Some of the new Internet czars spent Friday afternoon lobbying Herbert Allen to get them into celebrity photographer Annie Leibovitz's Saturday afternoon shoot of the Media All-Star Team for Vanity Fair. They felt they had been invited to Sun Valley because they were the people of the moment, and they had trouble believing that Leibovitz had made her own choices about who to photograph. Why, for example, would she include Buffett? His role in media had come mostly secondhand–through board memberships, a large network of personal influence, and a history of media investments large and small. Besides, he was old media.
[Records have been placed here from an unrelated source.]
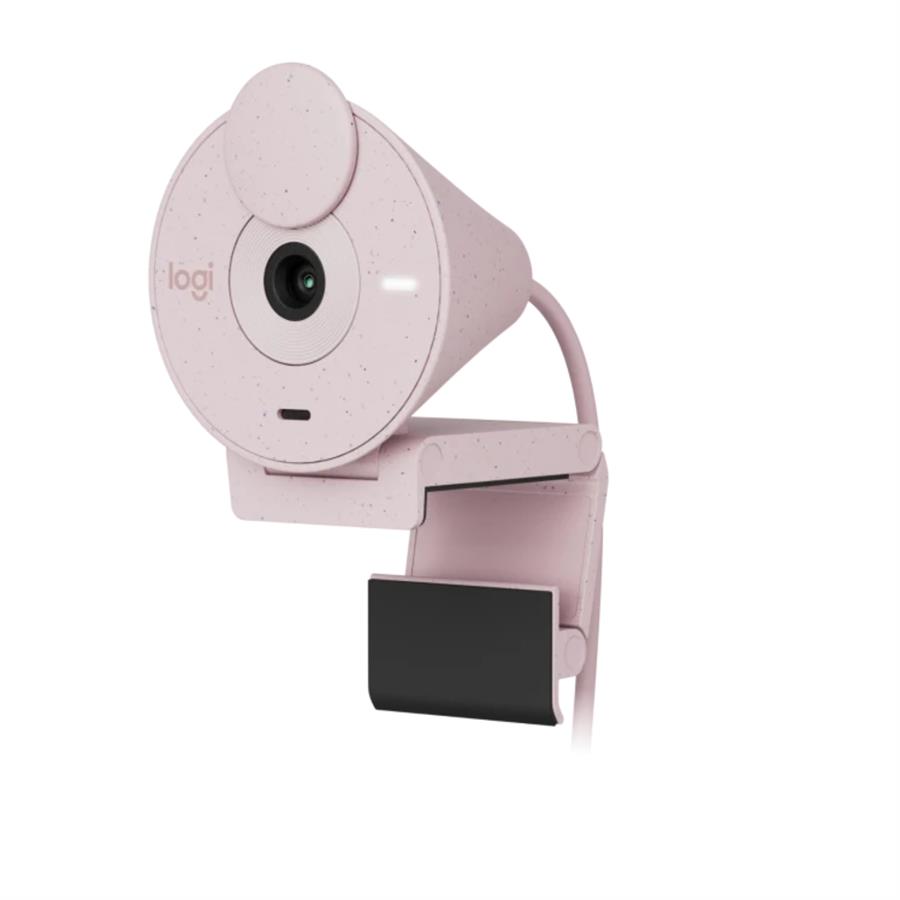 CAMARA WEB LOGITECH BRIO 300 FULL HD 1080P ROSA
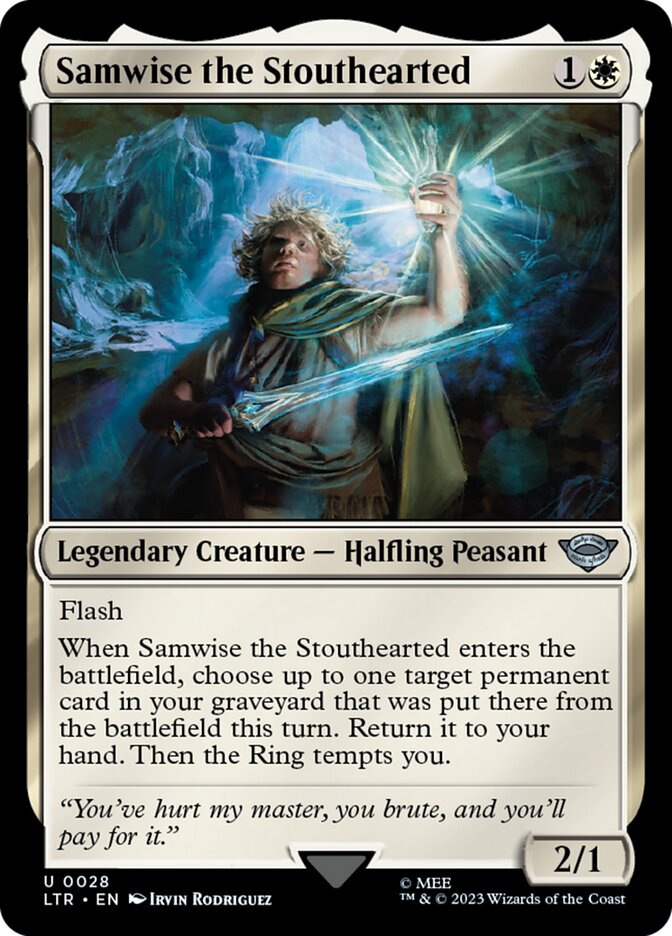 LTR, Samwise the Stouthearted, Standard, 28, U, Near Mint, Normal, EN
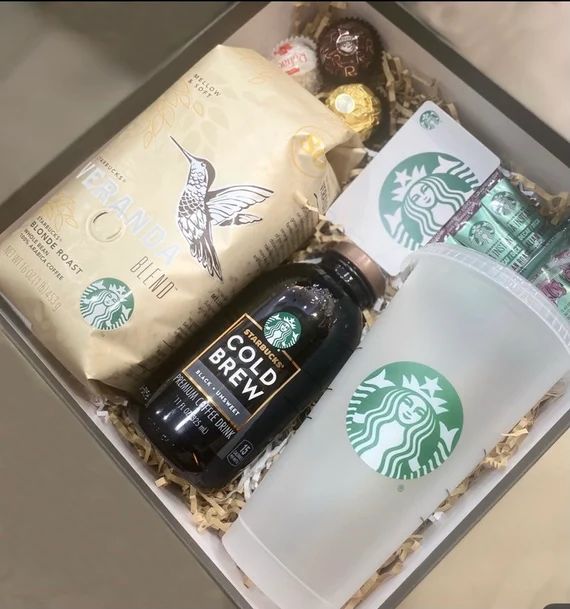 Starbucks Coffee Gift Boxcoffee Addictreusable Cupstarbucks | Etsy | Etsy (US)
They found it hard to believe that his face in a photograph still sold magazines.
These would-be all-stars felt slighted because they knew perfectly well that the balance in media had shifted toward the Internet. That was so even though Herbert Allen himself thought the "new paradigm" for valuing technology and media stocks–based on clicks and eyeballs and projections of far-off growth rather than a company's ability to earn cold hard cash–was bunk. "New paradigm," he sniffed. "It's like new sex. There just isn't any such thing." 
The next morning, Buffett, emblem of the old paradigm, rose early, for he would be the closing speaker of the year. Invariably, he turned down requests to speak at conferences sponsored by other companies, but when Herbert Allen asked him to speak at Sun Valley, he always said yes.  The Saturday morning closing talk was the keynote event of the conference, so instead of heading straight to the golf course or grabbing a fishing rod, almost everyone went to the breakfast buffet at the Sun Valley Inn, then settled into a seat. Today Buffett would be talking about the stock market.
In private, he had been critical of the gunslinging, promoter-driven market that had sent technology stocks galloping toward delirious heights all year. The stock of his company, Berkshire Hathaway, languished in their dust, and his rigid rule of not buying technology stocks seemed outmoded. But the criticism had no influence on how he invested, and to date, the only statement he had made in public was that he never made market predictions. So his decision to get up at the podium in Sun Valley and do just that was unprecedented. Perhaps it was the times. Buffett had a firm conviction and an overwhelming urge to preach.